Yes, this was a horrible thing to do. Yes, Jenna should feel guilty. No, Jenna doesn’t deserve the Bitch of the Century moniker. And again, here’s why.
She has outgrown Matty. Matty, her first love, the popular boy at school she had crushed on for years. Matty, the boy who took her virginity and kept her in a closet, hidden away from his own friends and secret from the world, but visited said closet when he felt the itch for a bit of how’s your father with the young girl who was fine to shag, but not good enough to be seen with in public. The dynamic of this relationship changed over time of course, coinciding with a freight train of new-found popularity (sometimes as a result of unfortunate infamy) that Jenna happened to be riding aboard. You will remember that directly preceding Jenna’s first instance of infidelity with Colin, Matty had admitted that he had been embarrassed of her. What a crushing thing to have said to a young woman.
Sure, Jenna had allowed Matty to behave the way he had when they first gained a more carnal knowledge of each other back in the janitor’s closet at summer camp, and afterward she had even encouraged it. Jenna, however, was a young, impressionable and eager to please fifteen year old girl, and Matty was the more experienced, cool and emotionally aloof young boy who took advantage of her naivety. Now, Jenna has matured through the trials and tribulations of her family and personal life, and she has found that Matty is no longer her perfect fit. If we’ve learned anything from this season it is that they have very little in common and Matty doesn’t share Jenna’s burgeoning intellectual discovery or needs.
This alone, of course, isn’t an acceptable excuse for her cheating. I’ll tell you what is, though.

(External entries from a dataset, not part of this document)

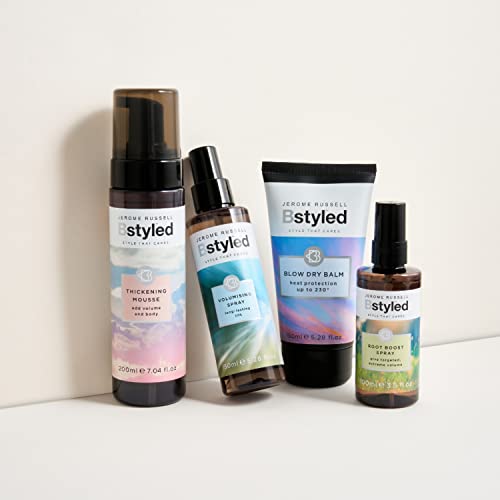 Jerome Russell BStyled Thickening Mousse - Hair Mousse for Volume & Lift, Hair Thickening Products for Women & Men with Heat Protection & Bond Bu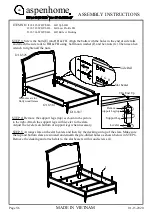 Предварительный просмотр 23 страницы aspenhome I218-402-SHL Assembly Instructions Manual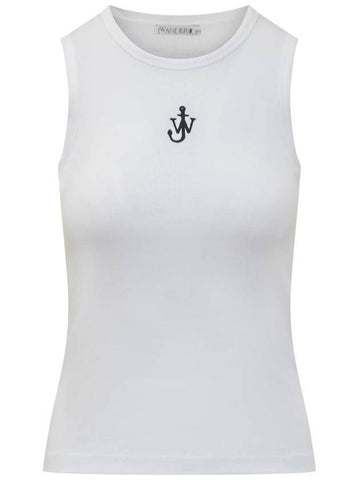 JW Anderson Anchor Embroid Tank Top - JW ANDERSON - BALAAN 1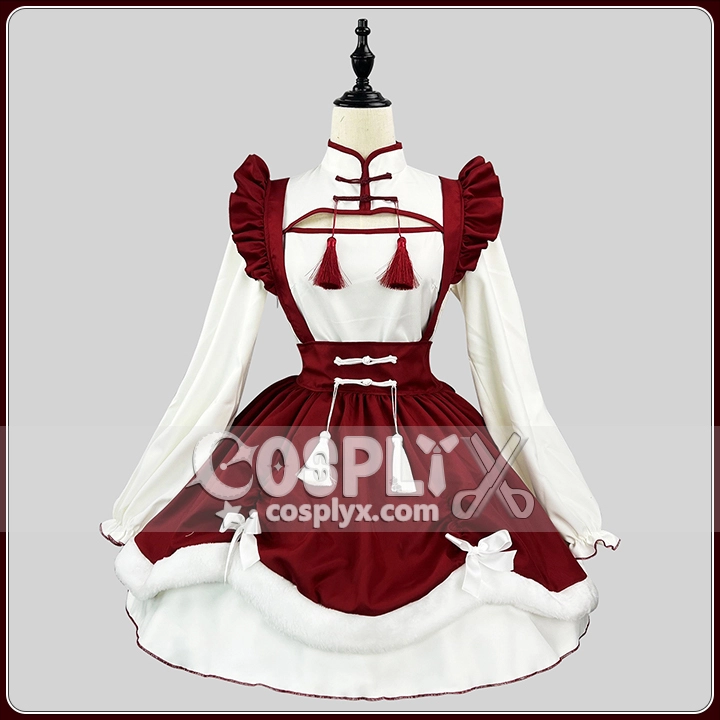 インフルエンサー 女装 男子 変装 メイド服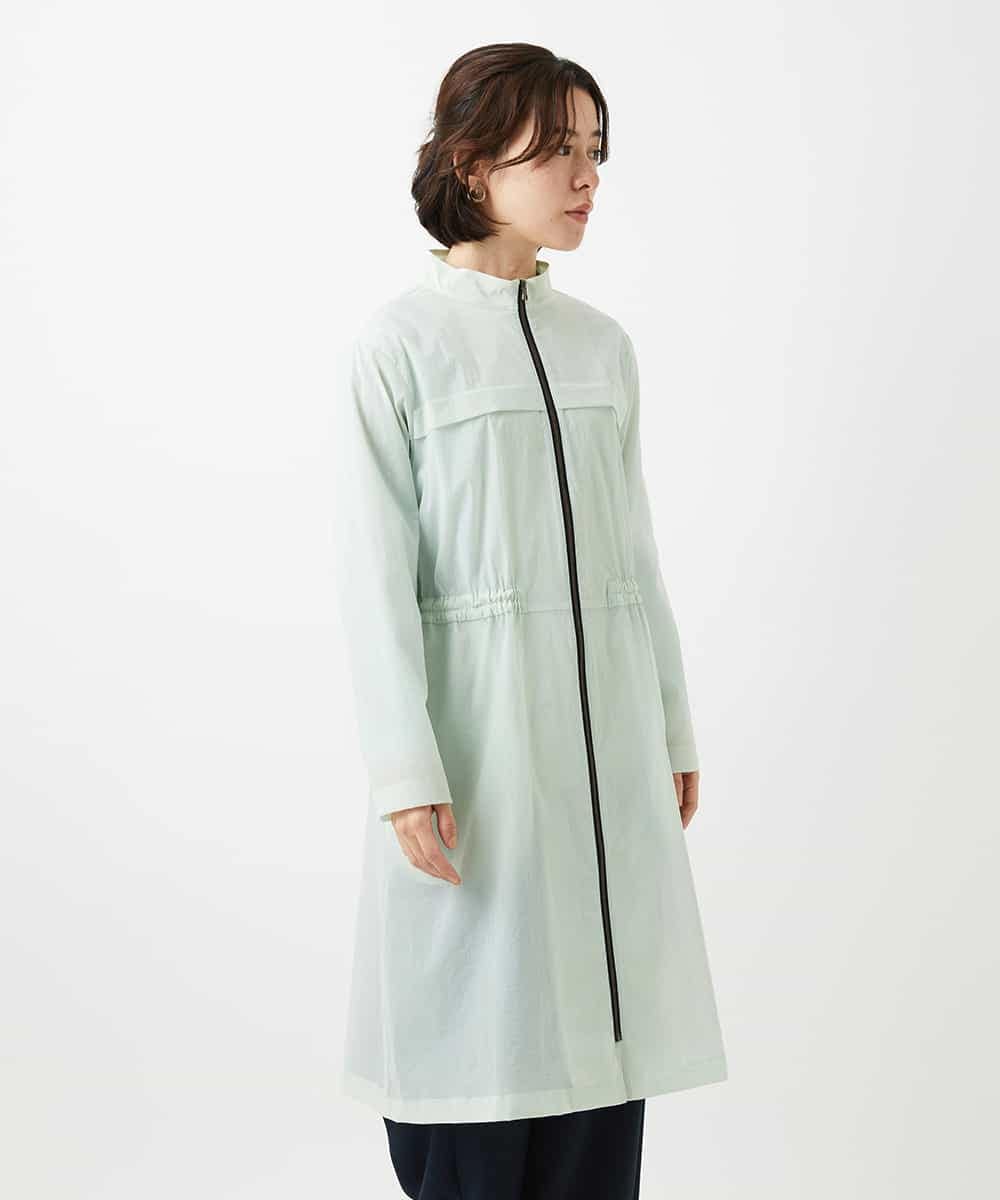 NHUGF37450 GIANNI LO GIUDICE(小さいサイズ)(メゾン ドゥ サンク) ナイロンストレッチタフタコート グリーン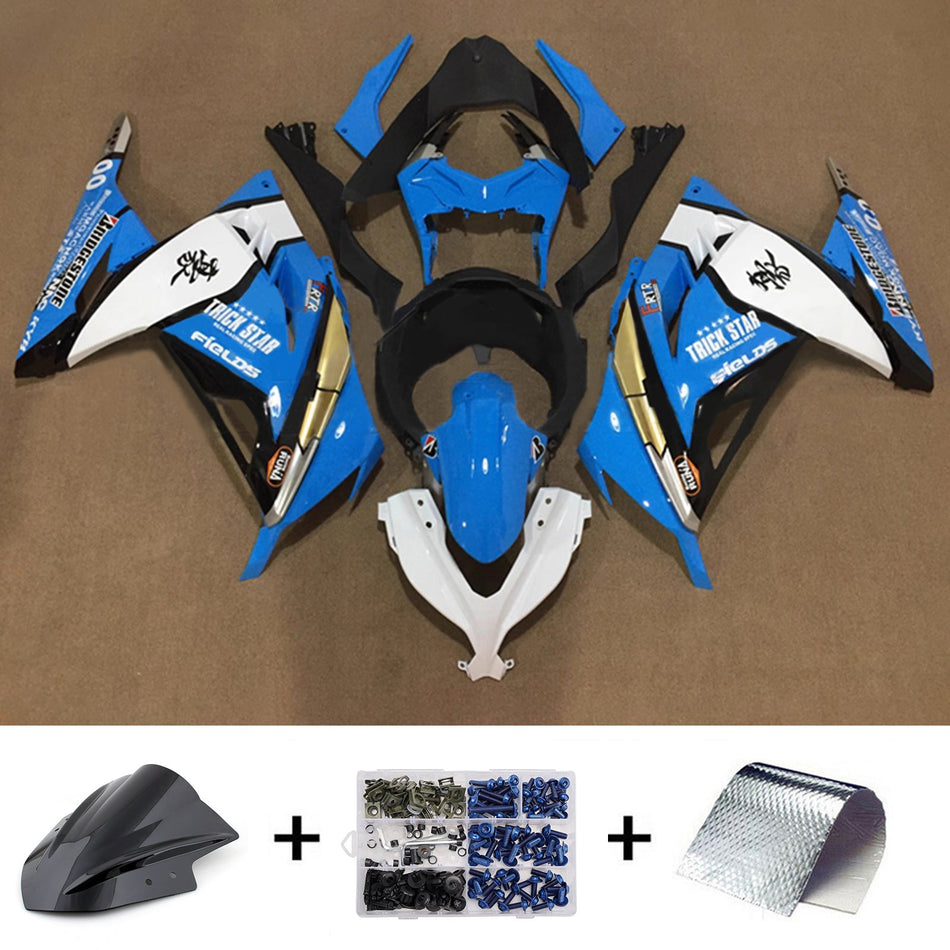 インジェクションフェアリングキット ボディワーク プラスチック ABS カワサキ EX300 Ninja300 2013-2024 に適合
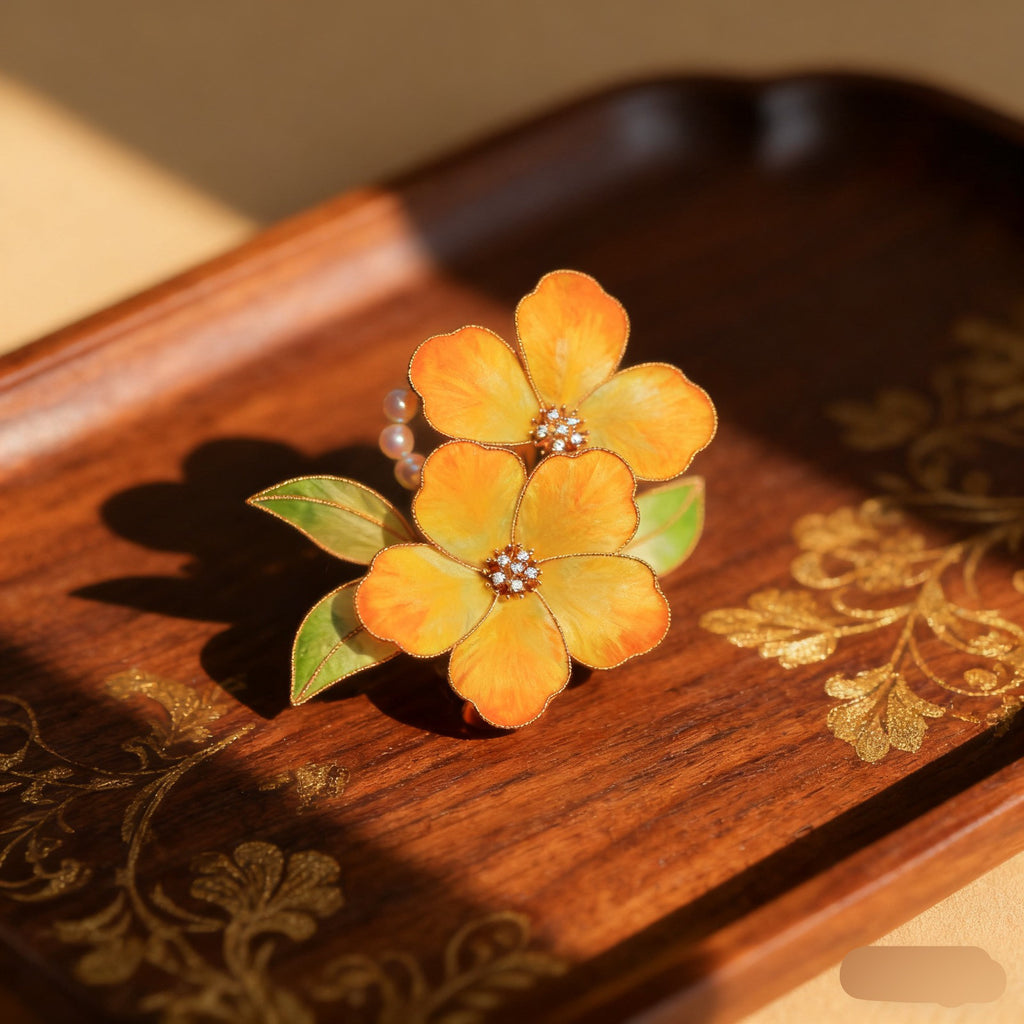Artisan Silk Flower Hairpiece - 3D Realistic Velvet Petals, Elegant Accessory for Gala Events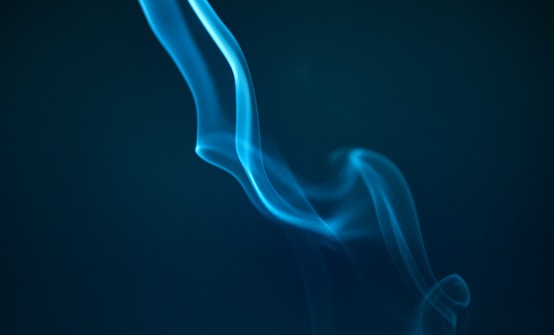 Blue Smoke Curls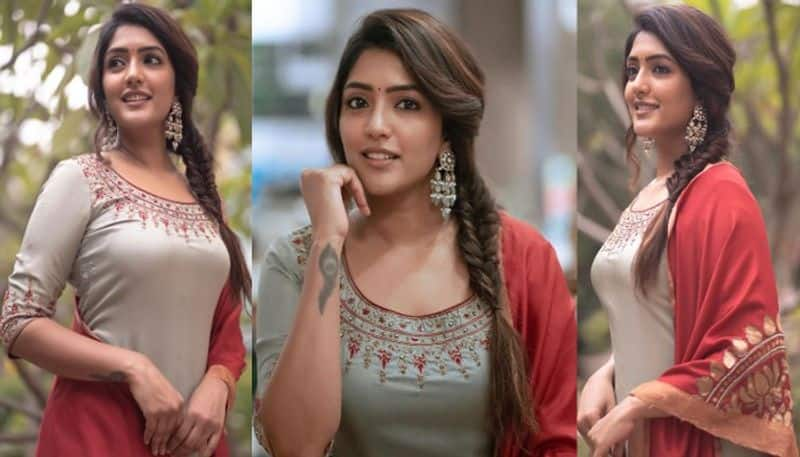 Actress Eesha Rebba looks beautiful in chudidar NSK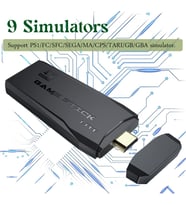 konsol, retro oyun konsolu, 10000 oyunlu, 64 GB Hdmi 4k oyun konsolu, USB kablosuz oyun çubuğu, tak ve çalıştır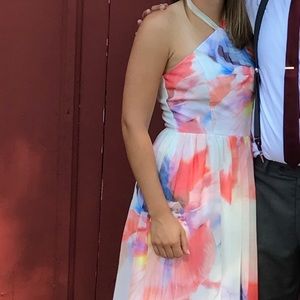 White House Black Market  4. Floral wedding dress.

She’s SEVENTEEN, for crying out loud.
Actually, she’s just turned seventeen. Give her a break. I do believe that Jenna should have ended her relationship with Matty before she pursued an alternative with Colin. She made a mistake. She’s a teenager you know, they do that from time to time. One of the things that drew me in for repeated viewing of Awkward (apart from the initial hilarity of these so very awkward teens) was the delight I took in watching this young woman develop, in watching her begin to figure out who she is and what she wants out of life. I related to her inner struggles instantly as I remembered just how awkward I was at that age, remembered the things that mattered to me less and less as I grew passed that stage and just how hard it was to reconcile my own idea of who I was with the who I appeared to be to my peers.
Awkward is less about angsty teens and those ridiculous Young Adult love triangles that everyone seems to think are a staple of any girl’s fantasy (Twilight, City of Bones) and more about Jenna’s journey of self-discovery, of pushing her own boundaries and testing her limits, of exploring all sides to her personality, most especially her flaws. And that, my friends, is what makes an interesting, realistic character. Flaws.
If you find yourself hating on Jenna because she’s not doing what you think she should do, or because you think Matty is like, OMG, the most PERFECT bf 4eva, or even if you’re entertaining some weird little self-insertion fantasy and are angry that this young woman is shucking the Young Adult genre norm, then you’re completely missing the point of this show.
And so with that I declare that I am not Team Jake, Team Matty or Team Colin. I’m Team Jenna.